TSB and West Brom are cutting prices, with some deals falling by as much as 26 basis points.
At TSB, the biggest cuts are on two-year fixed residential interest rates at a loan-to-value rate of up to 75%, falling by up to 20 basis points.
Five-year fixes for purchases up to 95% LTV are also reduced by the same margin.
The two-year fixed home purchase interest rate between 75% and 85% LTV without costs decreases by 15 basis points.
The same products in the 85%-95% LTV level also decline by 15 basis points.
Two-year fixed home purchase rates, including affordable homes, with an LTV of 85% to 95% with up to 15 basis points.
TSB will also reduce selected remortgage interest rates tomorrow.
Two-year deals with an LTV of 60% and 90% drop by up to 15 basis points.
At West Brom Building Society, reductions on selected core and new-build mortgages within the range of new homes came into effect today.
A fixed LTV of 90% over two years for first-time buyers and movers with a fee of £999 has been reduced by 22 basis points from 5.3% to 5.08%.
At an LTV of 95%, the two-year fix for starters and movers has been reduced by 26 basis points without costs from 5.84% to 5.58%.
Within the new build offer, a two-year mortgage with a 90% LTV fixed purchase and a fee of £999 has been reduced by 23 basis points from 5.81% to 5.58%.
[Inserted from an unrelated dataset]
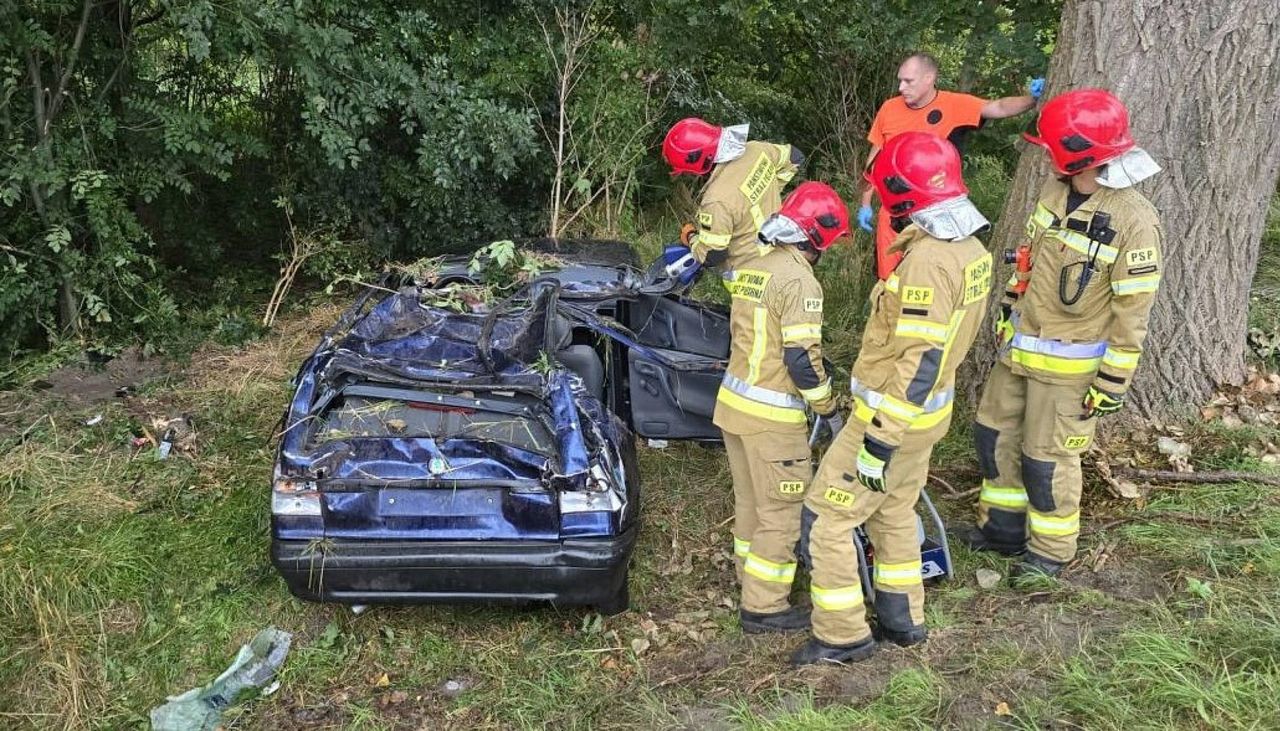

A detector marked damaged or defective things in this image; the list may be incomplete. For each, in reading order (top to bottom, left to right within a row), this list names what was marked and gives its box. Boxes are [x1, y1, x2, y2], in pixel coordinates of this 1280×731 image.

West Brom product manager John Phillips said: “Our focus has always been on putting the customer first, and these latest rate cuts are designed to deliver even more value to borrowers entering today’s housing market.
“We know affordability remains an important consideration, especially for first-time buyers and home movers with smaller deposits, so it’s important that we continue to offer competitive options that support a wide range of needs.
“By reducing rates across both our core and new build ranges, we are helping customers and brokers access products that offer strong value and greater confidence when making longer-term financial decisions.”
It comes as experts warn that uncertainty over the Prime Minister’s future could lead to more volatility in mortgage rates.